WHAT YOU HAVE TO DO: Give again exactly the lines that run from the start of the records to the line holding "Watch For Women", both ends counted. Do not include the pictures.

PROVIDED RECORDS:

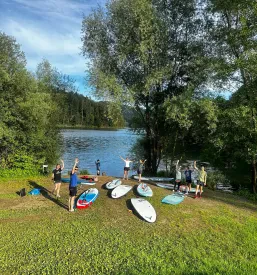 Tour Ljubljana on a SUP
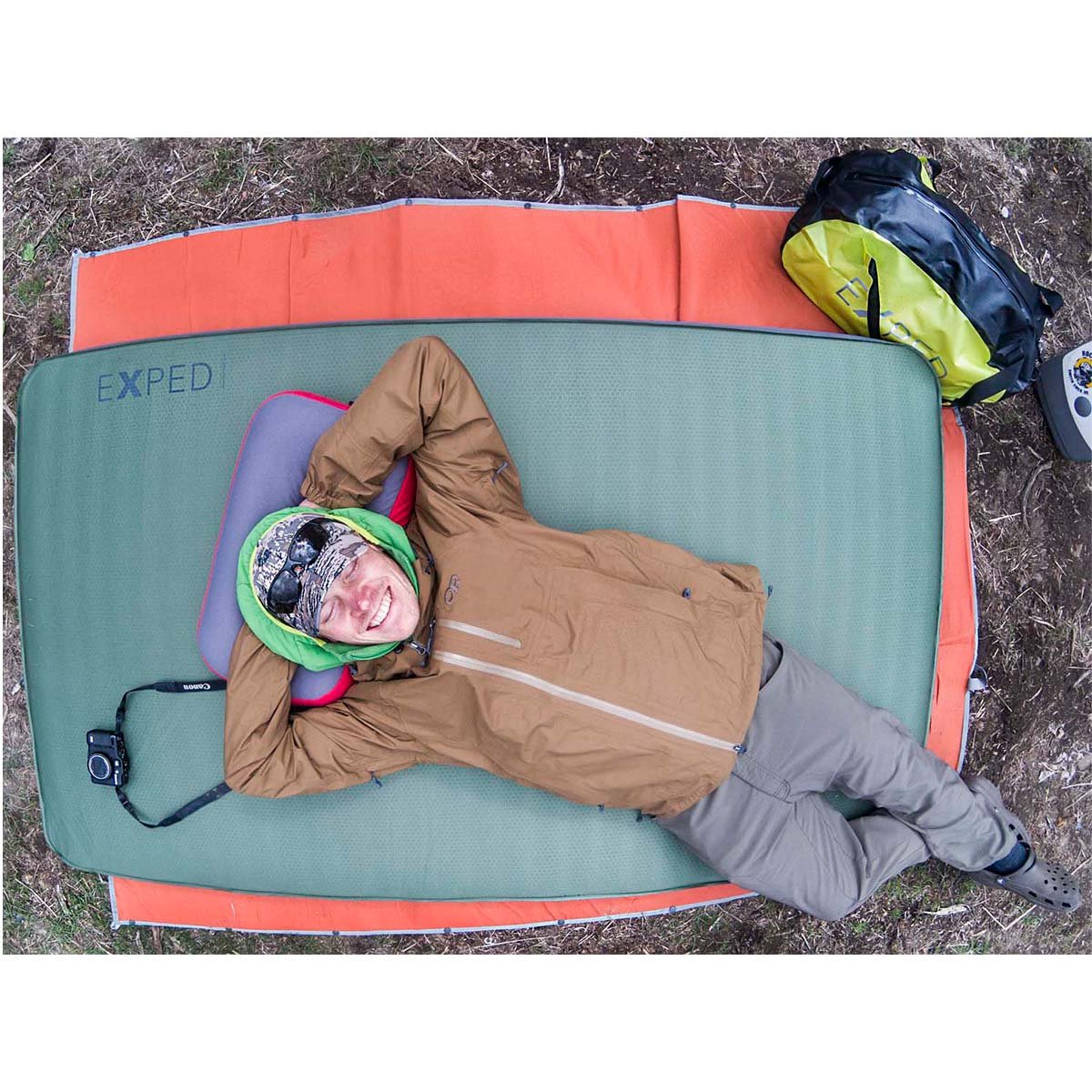 Exped MegaMat Duo 10 LW Self Inflating Sleeping Mat Long Wide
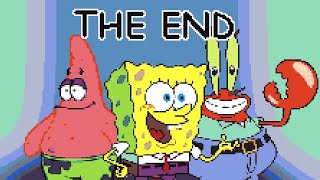 SpongeBob SquarePants Treasure Hunt  Full Longplay Good Ending [upl. by Thomasina]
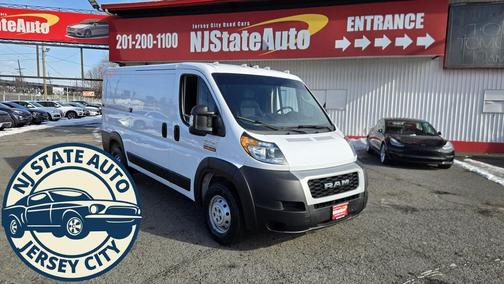 2020 RAM ProMaster 1500 Low Roof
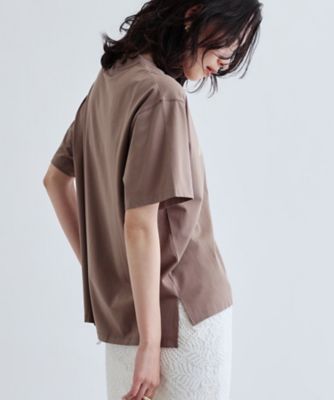 【再入荷／接触冷感】箔プリントロゴＴシャツ（２００２５０２２８１）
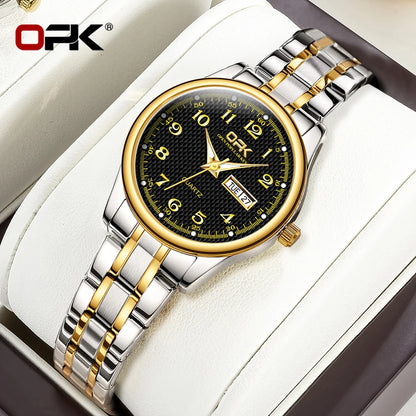 Watch For Women Quartz Watch Waterproof Classic Luxury Brand Stainless Steel Strap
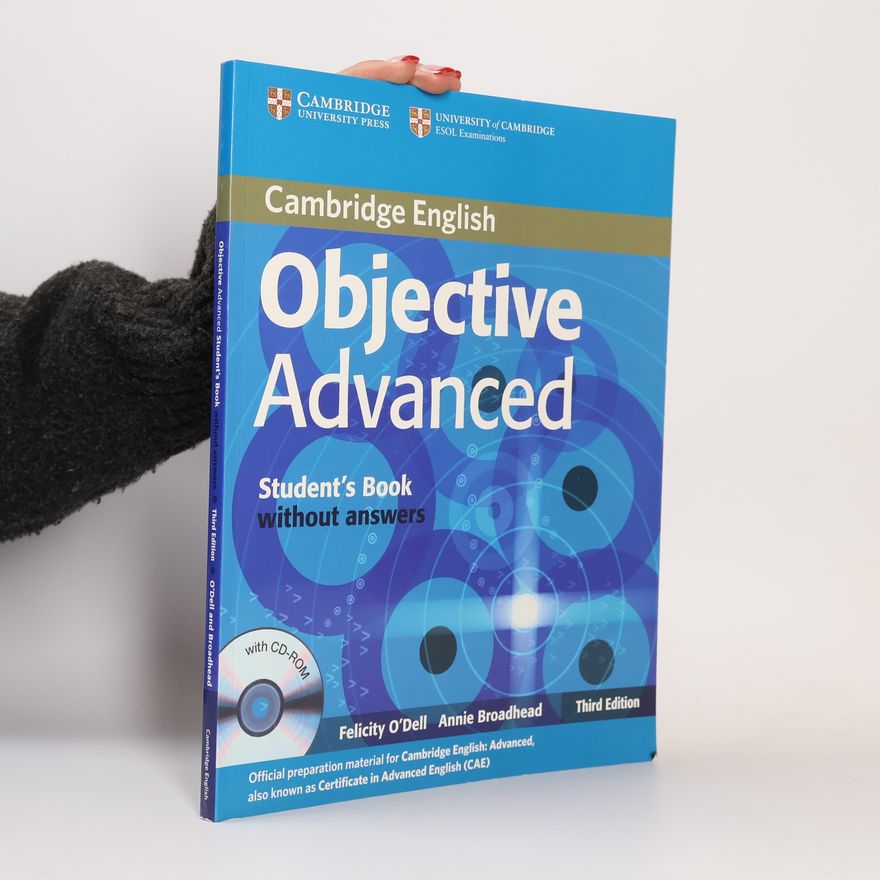 Felicity O'Dell Objective Advanced Student's Book Without Answers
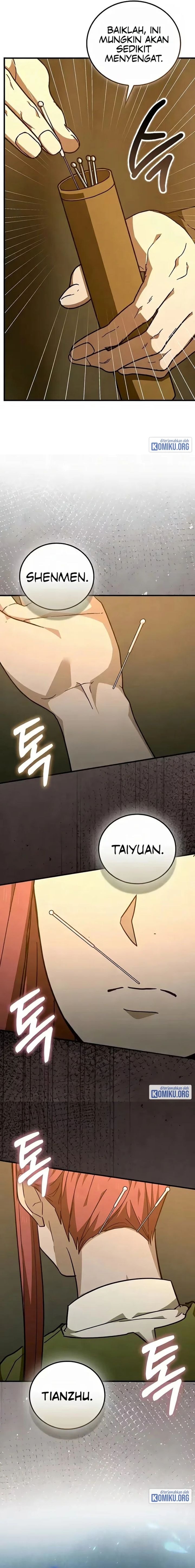 To Hell With Being A Saint, I’m A Doctor Chapter 172 - Page 11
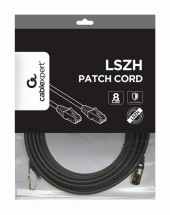 foto de CABLE RED GEMBIRD S-FTP CAT 8 LSZH NEGRO 10 M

OUTPUT OF THE EXERCISE:
 Tour Ljubljana on a SUP
 Exped MegaMat Duo 10 LW Self Inflating Sleeping Mat Long Wide
 SpongeBob SquarePants Treasure Hunt  Full Longplay Good Ending [upl. by Thomasina]
 2020 RAM ProMaster 1500 Low Roof
 【再入荷／接触冷感】箔プリントロゴＴシャツ（２００２５０２２８１）
 Watch For Women Quartz Watch Waterproof Classic Luxury Brand Stainless Steel Strap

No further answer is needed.